Logo Computer scientist,
engineer, and educator
• Articles • Articles about computing • Articles about software development

OpenShift for engineers

This article provides a brief overview of the technical implementation of the OpenShift cloud hosting platform. It assumes no knowledge of OpenShift or cloud computing in general. The article is written mostly for engineers who will develop applications for the OpenShift platform, or support applications running on that platform. There is a bit of a bias towards Java-based applications, because that's where I have most experience. However, the general principles should apply to other languages and technologies.

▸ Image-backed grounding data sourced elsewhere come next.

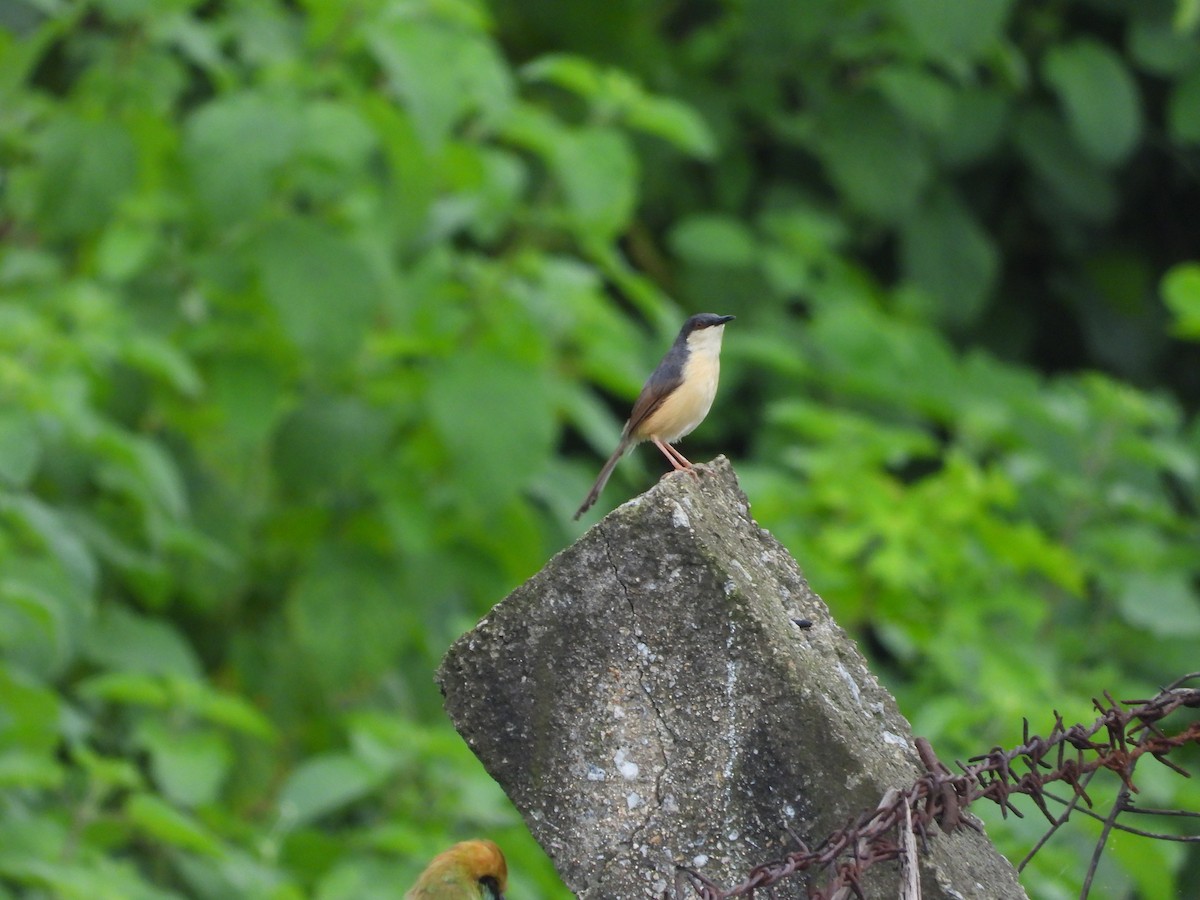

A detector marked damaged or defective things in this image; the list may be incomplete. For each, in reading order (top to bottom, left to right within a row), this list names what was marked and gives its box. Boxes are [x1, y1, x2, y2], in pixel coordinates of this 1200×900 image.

cracked concrete [436, 460, 1024, 896]
rusty barbed wire [676, 672, 1200, 896] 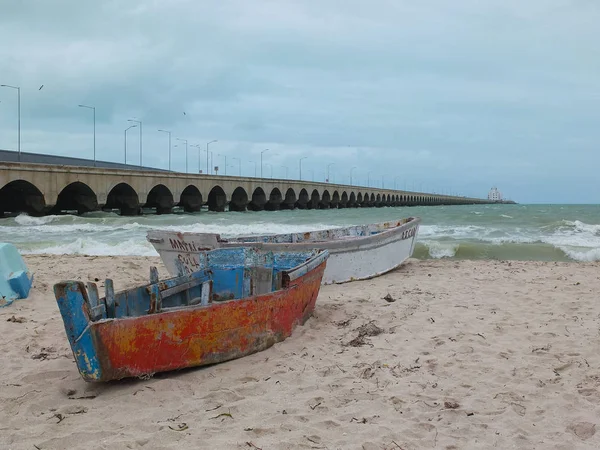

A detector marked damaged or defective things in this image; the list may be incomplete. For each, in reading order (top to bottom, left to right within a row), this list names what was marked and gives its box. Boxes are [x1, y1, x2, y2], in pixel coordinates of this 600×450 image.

rusted metal on boat [54, 248, 328, 382]
rusted metal on boat [146, 216, 422, 284] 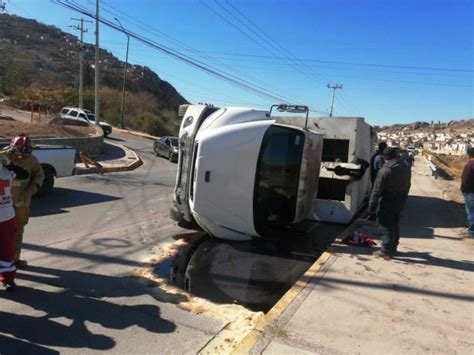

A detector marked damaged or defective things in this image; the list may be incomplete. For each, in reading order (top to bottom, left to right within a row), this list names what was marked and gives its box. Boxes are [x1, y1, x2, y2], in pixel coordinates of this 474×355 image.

overturned white truck [170, 103, 374, 242] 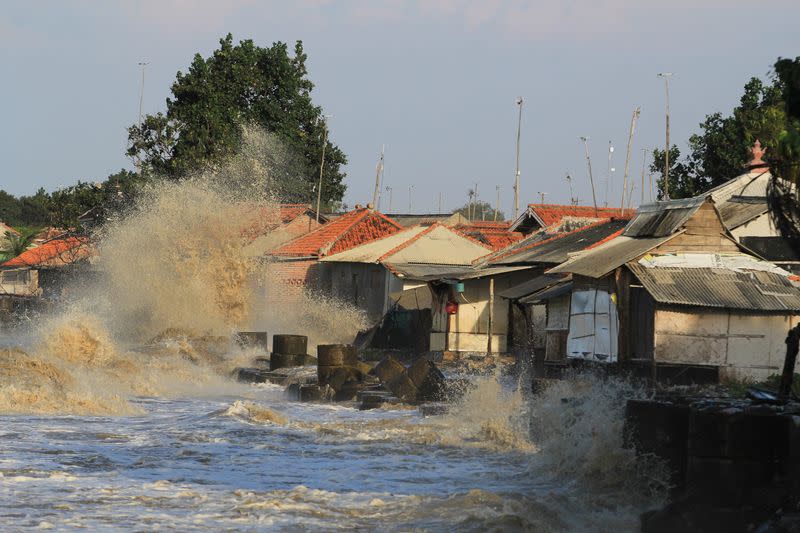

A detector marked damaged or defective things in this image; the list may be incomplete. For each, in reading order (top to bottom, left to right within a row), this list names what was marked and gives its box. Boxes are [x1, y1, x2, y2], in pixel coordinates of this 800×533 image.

Cloud computing — an engineer's perspective

What is this cloud thing, anyway?

Cloud computing is all about providing managed services to subscribers. The idea is not new in its concept — businesses have been managing computing hardware and software for their customers for decades. What is new is that recent enormous increases in Internet bandwidth mean that a group of service can be hosted in some central location, perhaps distant not only from the end users of those services, but also from the businesses that will provision them with applications and data.

Cloud services do not usually provide complete, packaged applications. There are notable exceptions, of course — Google Docs is a service that provides a set of document management applications, with related document storage. Most cloud services, however, provide some sort of hosting environment, on which a subscriber can deploy custom applications. Very broadly, it has become common to divide cloud service offerings into two basic types: infrastructure-as-a-service (IaaS) and platform-as-a-service (PaaS). Broadly, OpenShift is a PaaS service.

Infrastructure-as-a-Service (IaaS)

Usually, IaaS offerings provide the subscriber with some well-defined share of an operating system, hardware, and network infrastructure. To the subscriber, the service might be nothing more complex than an operating system user account, with some way to log into it (SSH, perhaps) and some way upload software to it (sFTP, perhaps). As a subscriber you'll be able to run an application that listens for clients on some TCP port, and the service provider's infrastructure will connect that port to some hostname with Internet presence. As a subscriber to a service of this type you might be able to see some sign of other subscribers' activity. You might be aware that your home directory is /home/user1234, for example, and draw the reasonable conclusion that there are at least 1233 other subscribers. You might see that there are operating system processes that have no connection with your own activities. In a well-designed IaaS offering you won't be able to disrupt these processes, or mess about with other user's files, but you'll know they're there.

A more sophisticated IaaS offering might take the form of a genuine virtual machine. As a subscriber you might have what appears to be complete, exclusive access to an operating system and hardware. You might get the impression that there is only one network interface on the system, and no processes except those you create. You might get administrator ('root') access to the virtual machine. True virtual machines make for better IaaS services than simple schemes like operating system user accounts, because subscribers are completely isolated from the activities of other subscribers, and can develop applications with little regard for the implementation of the service itself. However, these services have vey high overheads, and do not necessarily make good platforms on top of which to offer Platform-as-a-Service schemes.

A compromise between the simplest, account-based services, and full virtual machines, is some sort of lightweight container, such as LXC or Docker. OpenShift currently uses plain Linux user accounts and SELinux security policies to isolate one application from another, but it is likely that it will transition to Docker containers eventually.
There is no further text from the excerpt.